Source data:
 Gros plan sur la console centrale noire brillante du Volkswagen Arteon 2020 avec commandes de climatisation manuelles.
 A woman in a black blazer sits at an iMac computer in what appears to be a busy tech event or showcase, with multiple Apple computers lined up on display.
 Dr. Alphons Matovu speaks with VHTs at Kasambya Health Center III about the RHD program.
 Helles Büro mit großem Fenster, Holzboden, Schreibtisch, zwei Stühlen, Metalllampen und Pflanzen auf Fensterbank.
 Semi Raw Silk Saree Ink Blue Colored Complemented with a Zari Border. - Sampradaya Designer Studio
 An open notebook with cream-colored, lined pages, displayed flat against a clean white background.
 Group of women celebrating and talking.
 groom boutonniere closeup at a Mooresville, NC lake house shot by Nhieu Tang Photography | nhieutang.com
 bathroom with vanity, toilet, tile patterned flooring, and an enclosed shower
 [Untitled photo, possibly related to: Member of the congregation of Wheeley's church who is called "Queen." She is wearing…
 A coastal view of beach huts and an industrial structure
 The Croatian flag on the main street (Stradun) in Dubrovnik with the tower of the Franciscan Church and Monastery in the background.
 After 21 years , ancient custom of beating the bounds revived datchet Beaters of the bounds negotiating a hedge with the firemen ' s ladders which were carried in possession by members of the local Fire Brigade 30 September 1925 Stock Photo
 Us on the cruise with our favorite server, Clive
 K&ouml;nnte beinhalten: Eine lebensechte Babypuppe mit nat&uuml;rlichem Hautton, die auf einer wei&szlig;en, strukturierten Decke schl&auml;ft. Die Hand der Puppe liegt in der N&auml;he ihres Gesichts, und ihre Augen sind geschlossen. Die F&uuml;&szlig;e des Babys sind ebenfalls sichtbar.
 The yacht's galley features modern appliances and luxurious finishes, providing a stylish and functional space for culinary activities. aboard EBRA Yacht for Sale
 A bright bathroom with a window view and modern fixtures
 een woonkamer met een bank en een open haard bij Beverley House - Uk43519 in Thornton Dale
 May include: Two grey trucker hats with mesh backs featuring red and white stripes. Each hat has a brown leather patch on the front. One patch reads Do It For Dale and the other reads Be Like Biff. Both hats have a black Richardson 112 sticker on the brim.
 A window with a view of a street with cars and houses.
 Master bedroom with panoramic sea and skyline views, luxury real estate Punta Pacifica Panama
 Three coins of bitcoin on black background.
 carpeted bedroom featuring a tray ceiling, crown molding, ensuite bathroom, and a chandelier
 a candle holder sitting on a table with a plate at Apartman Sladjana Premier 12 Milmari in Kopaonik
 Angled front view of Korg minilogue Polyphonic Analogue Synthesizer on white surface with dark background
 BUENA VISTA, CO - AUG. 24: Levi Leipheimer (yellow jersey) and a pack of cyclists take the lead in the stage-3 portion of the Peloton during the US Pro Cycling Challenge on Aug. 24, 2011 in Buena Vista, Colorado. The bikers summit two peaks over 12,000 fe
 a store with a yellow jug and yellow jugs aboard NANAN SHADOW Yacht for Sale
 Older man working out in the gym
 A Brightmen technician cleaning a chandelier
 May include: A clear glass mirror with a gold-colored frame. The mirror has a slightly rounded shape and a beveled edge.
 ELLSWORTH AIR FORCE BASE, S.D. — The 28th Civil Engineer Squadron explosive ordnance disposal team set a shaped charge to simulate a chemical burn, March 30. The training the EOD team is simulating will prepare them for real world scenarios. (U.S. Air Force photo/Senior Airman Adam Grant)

→ Exercise goal
Work through the entries above line by line, counting each one that includes the word "modern", and give the final number only.

→ Result of this exercise
2